● **EXERCISE INSTRUCTIONS**:
Exact wording is required for every entry; transcribe all of them and leave the images out.

● **MATERIAL SHOWN**:
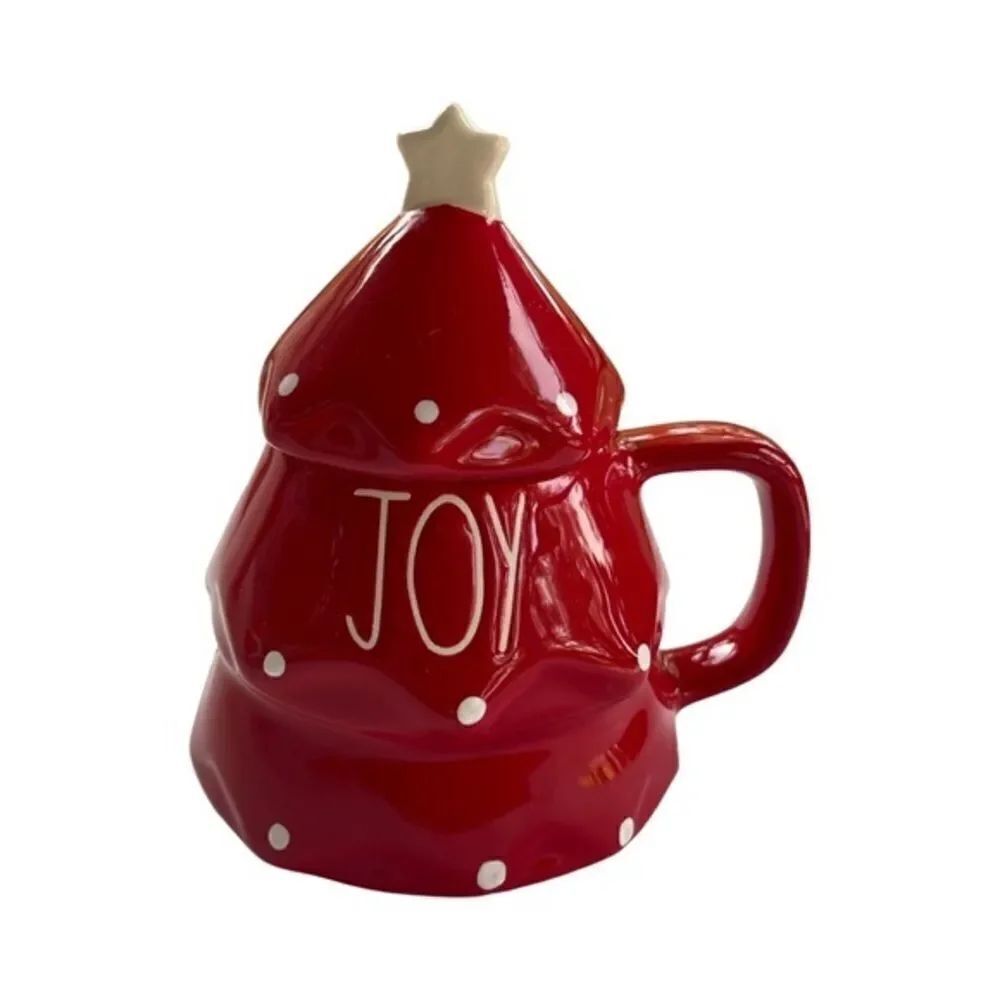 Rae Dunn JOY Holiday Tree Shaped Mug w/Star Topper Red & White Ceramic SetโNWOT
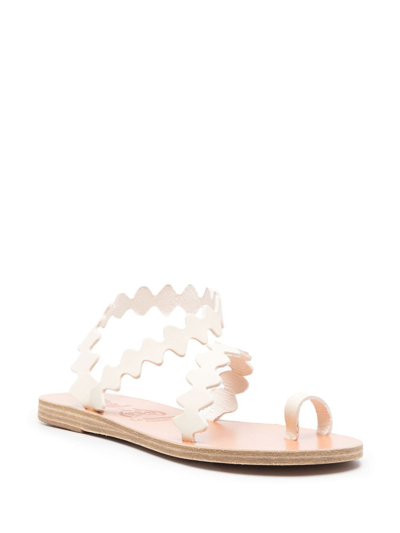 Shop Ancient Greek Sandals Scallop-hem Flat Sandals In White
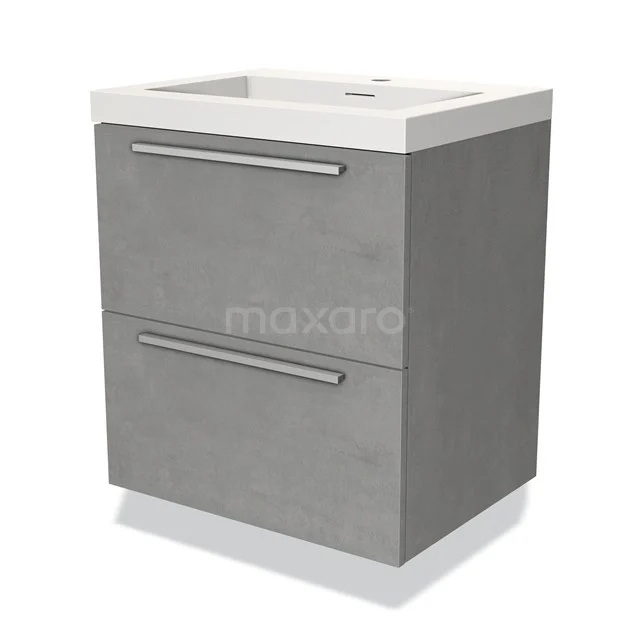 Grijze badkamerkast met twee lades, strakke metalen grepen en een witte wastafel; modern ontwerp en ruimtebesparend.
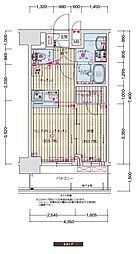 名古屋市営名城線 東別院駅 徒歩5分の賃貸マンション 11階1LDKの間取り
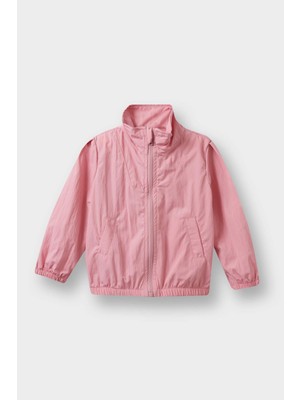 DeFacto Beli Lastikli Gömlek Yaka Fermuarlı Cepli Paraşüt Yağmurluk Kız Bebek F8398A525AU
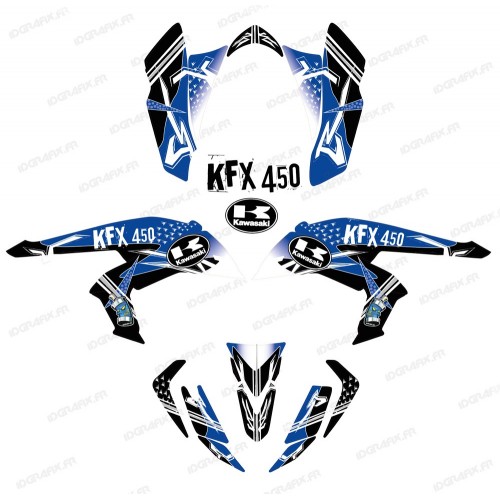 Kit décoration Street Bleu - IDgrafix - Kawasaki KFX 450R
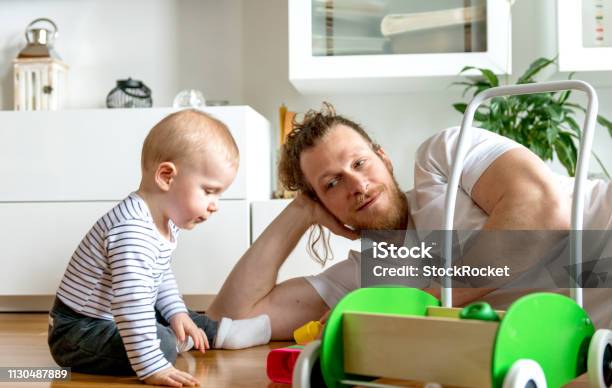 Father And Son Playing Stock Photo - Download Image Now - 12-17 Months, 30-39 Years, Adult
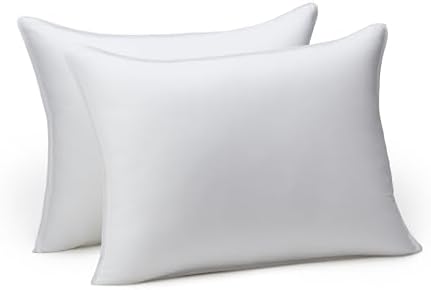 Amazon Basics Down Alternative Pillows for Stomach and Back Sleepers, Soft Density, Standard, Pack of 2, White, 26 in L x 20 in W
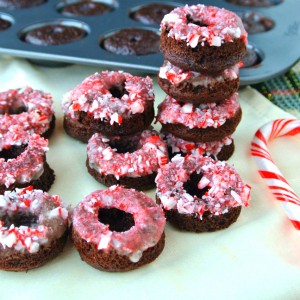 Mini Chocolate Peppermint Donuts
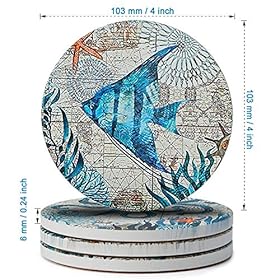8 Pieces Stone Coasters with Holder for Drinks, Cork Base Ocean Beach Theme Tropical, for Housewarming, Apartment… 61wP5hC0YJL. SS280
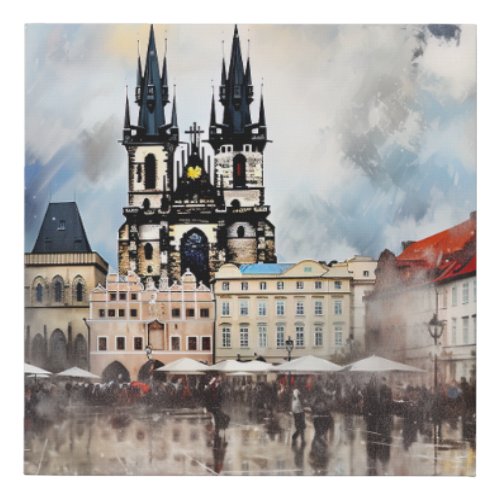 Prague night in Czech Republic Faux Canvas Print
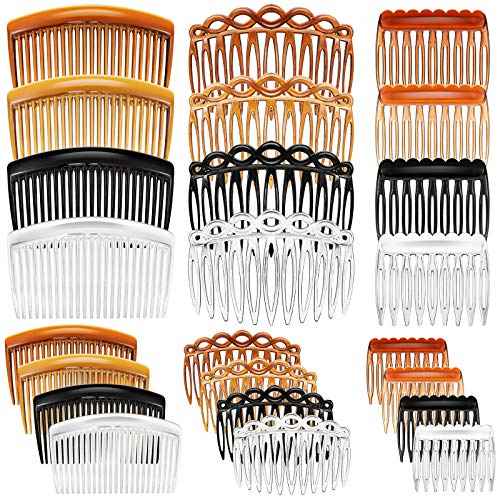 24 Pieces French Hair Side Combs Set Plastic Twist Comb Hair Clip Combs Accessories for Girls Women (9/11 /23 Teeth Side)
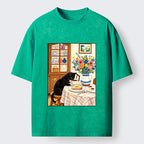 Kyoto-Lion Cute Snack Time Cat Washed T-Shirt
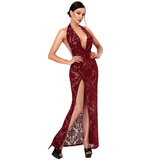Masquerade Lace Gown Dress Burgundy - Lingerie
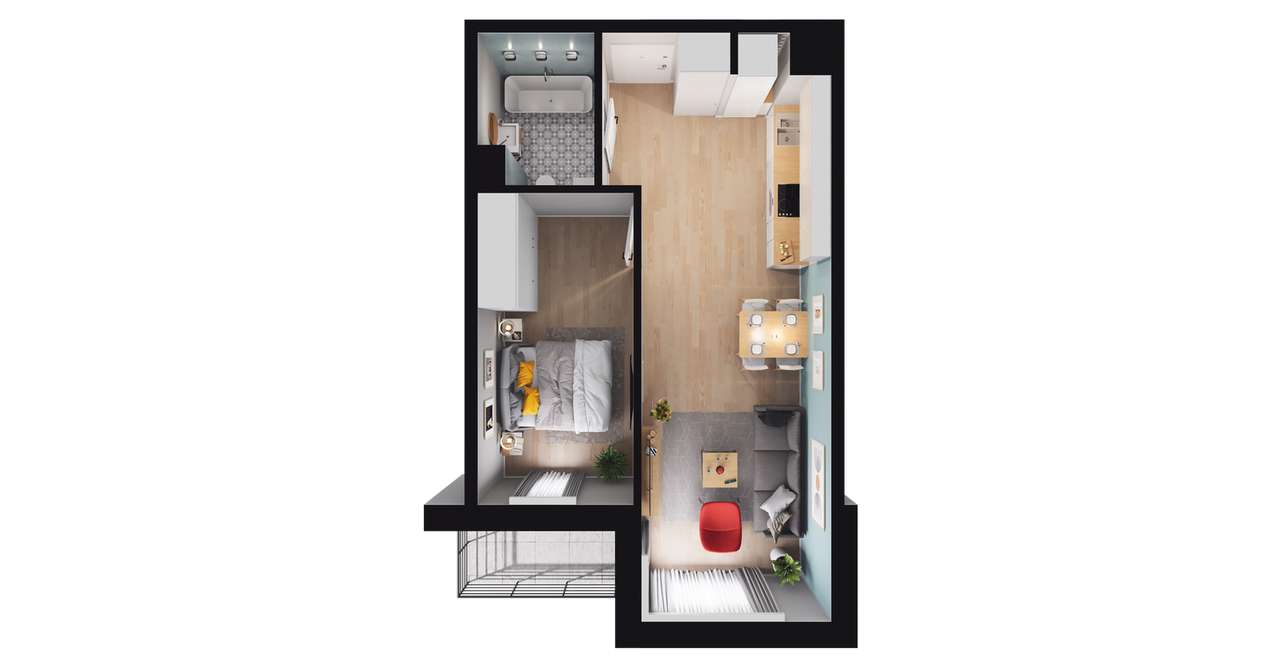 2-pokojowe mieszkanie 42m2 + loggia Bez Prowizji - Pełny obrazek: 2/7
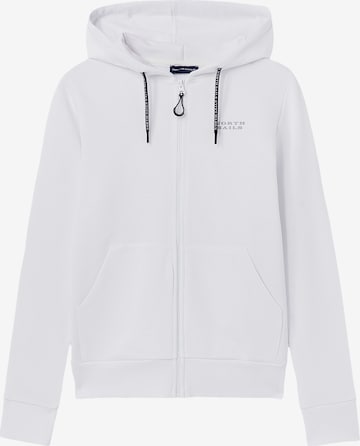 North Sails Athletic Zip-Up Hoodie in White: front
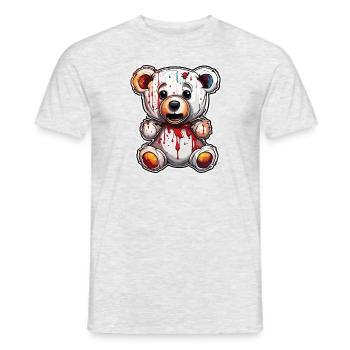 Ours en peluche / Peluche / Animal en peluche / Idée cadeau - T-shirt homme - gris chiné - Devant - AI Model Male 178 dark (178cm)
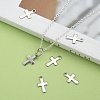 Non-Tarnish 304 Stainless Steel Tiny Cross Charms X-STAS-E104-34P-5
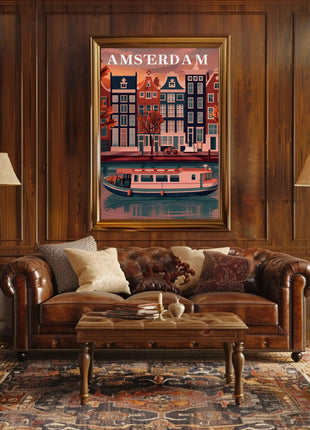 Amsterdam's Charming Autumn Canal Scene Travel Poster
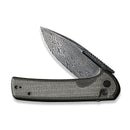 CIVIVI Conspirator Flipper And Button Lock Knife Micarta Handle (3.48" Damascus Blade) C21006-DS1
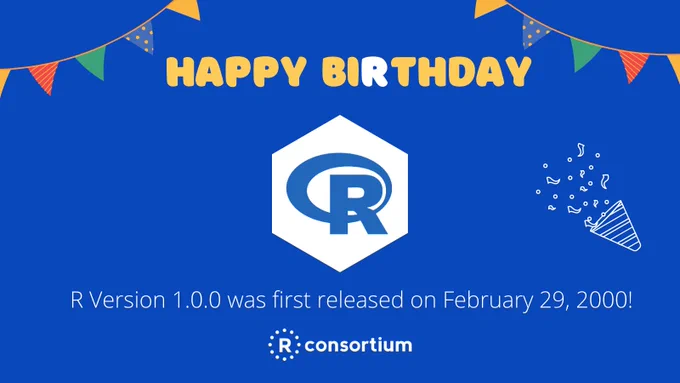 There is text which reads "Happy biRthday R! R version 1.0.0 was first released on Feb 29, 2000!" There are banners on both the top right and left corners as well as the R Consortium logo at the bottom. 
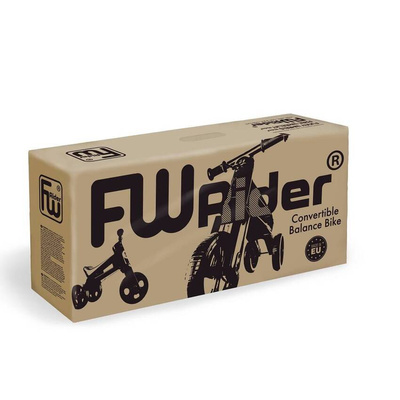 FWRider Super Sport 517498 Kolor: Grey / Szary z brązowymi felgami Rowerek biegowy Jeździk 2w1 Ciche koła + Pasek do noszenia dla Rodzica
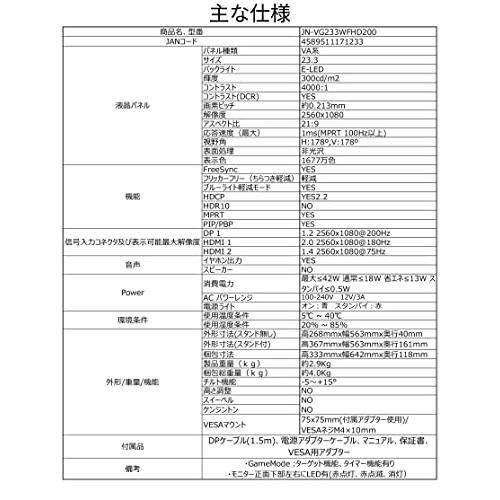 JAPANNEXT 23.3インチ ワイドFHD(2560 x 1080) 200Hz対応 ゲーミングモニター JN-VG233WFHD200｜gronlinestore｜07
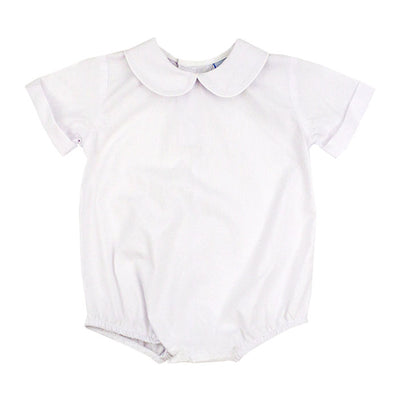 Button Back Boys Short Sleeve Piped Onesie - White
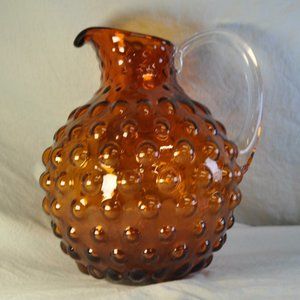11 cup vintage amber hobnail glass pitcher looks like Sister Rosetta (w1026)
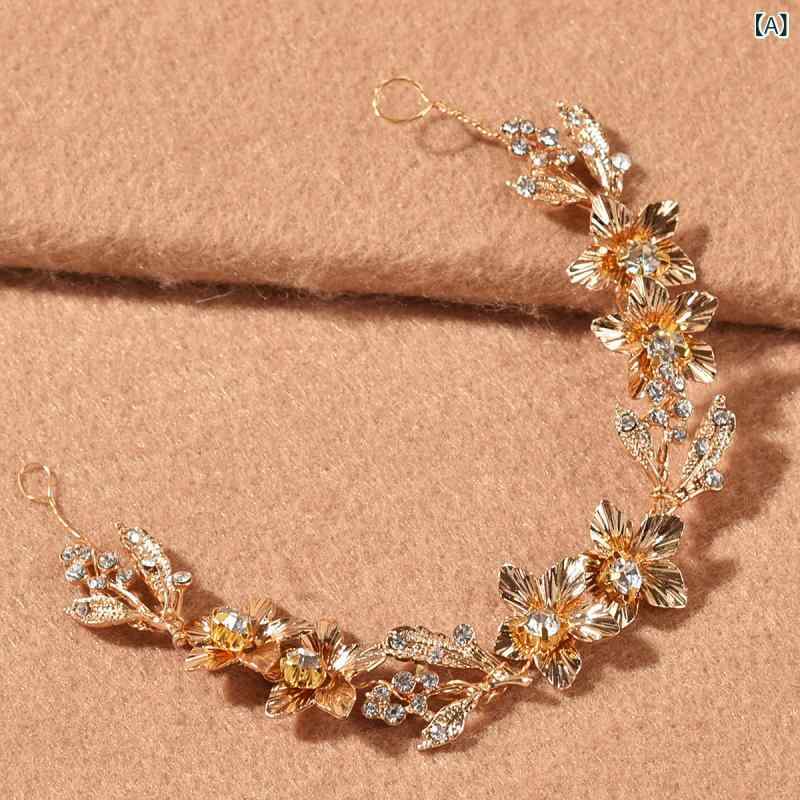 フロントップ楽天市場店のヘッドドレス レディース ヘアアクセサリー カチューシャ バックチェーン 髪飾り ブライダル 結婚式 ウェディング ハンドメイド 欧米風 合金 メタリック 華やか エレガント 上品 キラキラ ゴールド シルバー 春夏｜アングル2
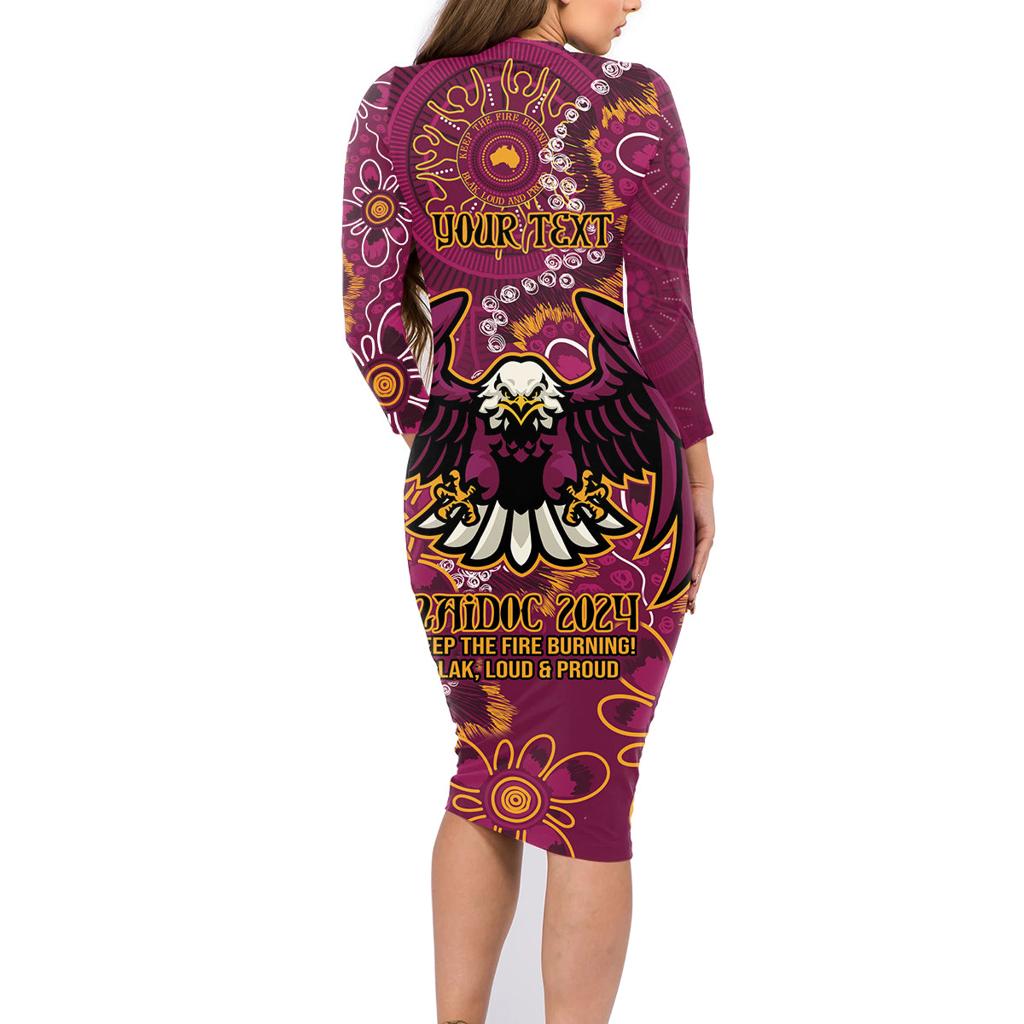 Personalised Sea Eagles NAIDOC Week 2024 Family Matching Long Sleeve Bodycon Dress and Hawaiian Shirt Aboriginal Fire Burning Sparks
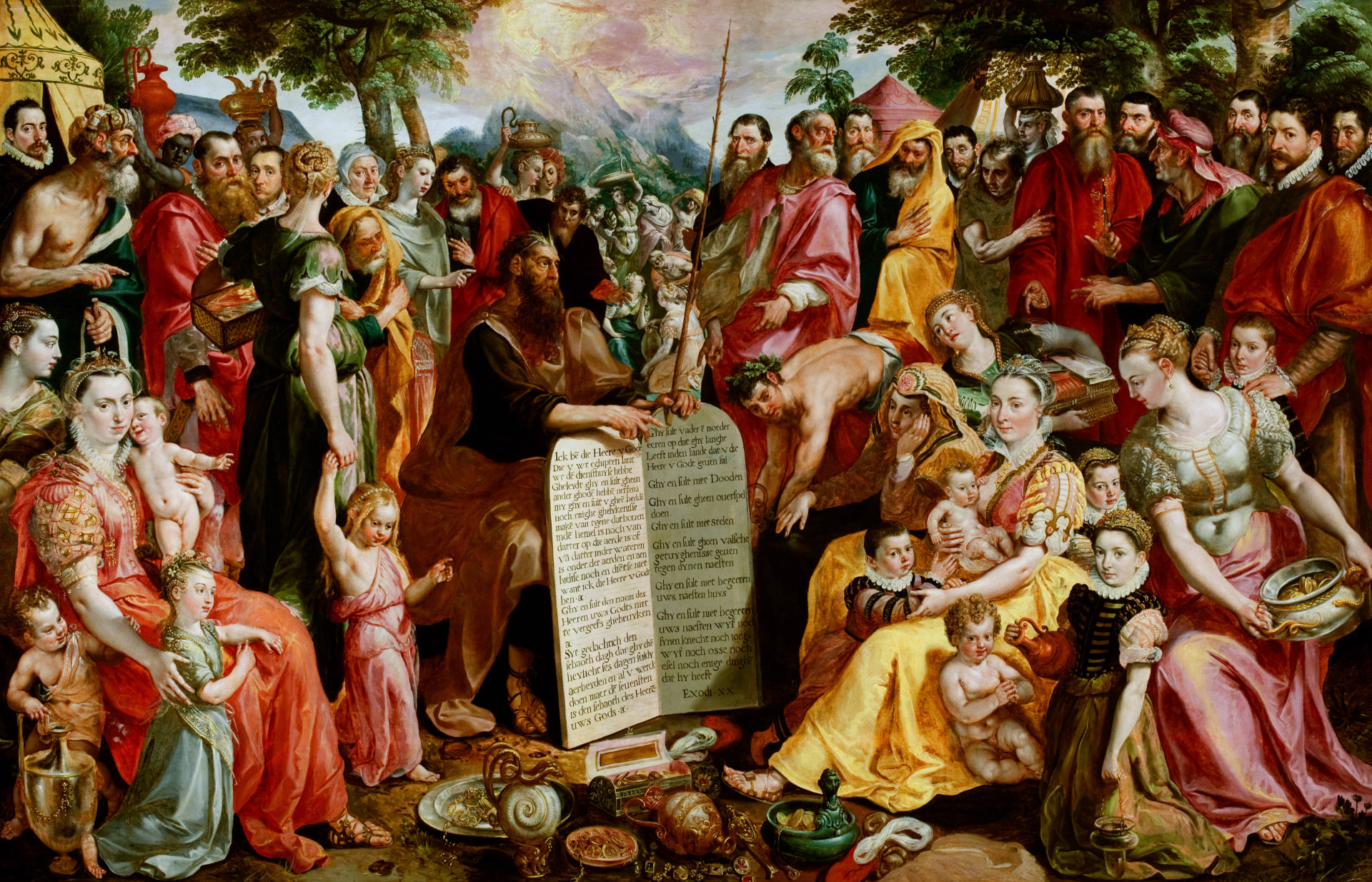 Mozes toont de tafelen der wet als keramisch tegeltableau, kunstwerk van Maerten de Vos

● **ANSWER BOX**:
 Rae Dunn JOY Holiday Tree Shaped Mug w/Star Topper Red & White Ceramic SetโNWOT
 Shop Ancient Greek Sandals Scallop-hem Flat Sandals In White
 Grijze badkamerkast met twee lades, strakke metalen grepen en een witte wastafel; modern ontwerp en ruimtebesparend.
 名古屋市営名城線 東別院駅 徒歩5分の賃貸マンション 11階1LDKの間取り
 DeFacto Beli Lastikli Gömlek Yaka Fermuarlı Cepli Paraşüt Yağmurluk Kız Bebek F8398A525AU
 Kit décoration Street Bleu - IDgrafix - Kawasaki KFX 450R
 Father And Son Playing Stock Photo - Download Image Now - 12-17 Months, 30-39 Years, Adult
 Amazon Basics Down Alternative Pillows for Stomach and Back Sleepers, Soft Density, Standard, Pack of 2, White, 26 in L x 20 in W
 Mini Chocolate Peppermint Donuts
8 Pieces Stone Coasters with Holder for Drinks, Cork Base Ocean Beach Theme Tropical, for Housewarming, Apartment… 61wP5hC0YJL. SS280
 Prague night in Czech Republic Faux Canvas Print
 24 Pieces French Hair Side Combs Set Plastic Twist Comb Hair Clip Combs Accessories for Girls Women (9/11 /23 Teeth Side)
 Kyoto-Lion Cute Snack Time Cat Washed T-Shirt
Masquerade Lace Gown Dress Burgundy - Lingerie
 2-pokojowe mieszkanie 42m2 + loggia Bez Prowizji - Pełny obrazek: 2/7
 North Sails Athletic Zip-Up Hoodie in White: front
 Ours en peluche / Peluche / Animal en peluche / Idée cadeau - T-shirt homme - gris chiné - Devant - AI Model Male 178 dark (178cm)
 Non-Tarnish 304 Stainless Steel Tiny Cross Charms X-STAS-E104-34P-5
 Amsterdam's Charming Autumn Canal Scene Travel Poster
 CIVIVI Conspirator Flipper And Button Lock Knife Micarta Handle (3.48" Damascus Blade) C21006-DS1
 There is text which reads "Happy biRthday R! R version 1.0.0 was first released on Feb 29, 2000!" There are banners on both the top right and left corners as well as the R Consortium logo at the bottom. 
 FWRider Super Sport 517498 Kolor: Grey / Szary z brązowymi felgami Rowerek biegowy Jeździk 2w1 Ciche koła + Pasek do noszenia dla Rodzica
 JAPANNEXT 23.3インチ ワイドFHD(2560 x 1080) 200Hz対応 ゲーミングモニター JN-VG233WFHD200｜gronlinestore｜07
 Button Back Boys Short Sleeve Piped Onesie - White
11 cup vintage amber hobnail glass pitcher looks like Sister Rosetta (w1026)
 フロントップ楽天市場店のヘッドドレス レディース ヘアアクセサリー カチューシャ バックチェーン 髪飾り ブライダル 結婚式 ウェディング ハンドメイド 欧米風 合金 メタリック 華やか エレガント 上品 キラキラ ゴールド シルバー 春夏｜アングル2
 Personalised Sea Eagles NAIDOC Week 2024 Family Matching Long Sleeve Bodycon Dress and Hawaiian Shirt Aboriginal Fire Burning Sparks
 Mozes toont de tafelen der wet als keramisch tegeltableau, kunstwerk van Maerten de Vos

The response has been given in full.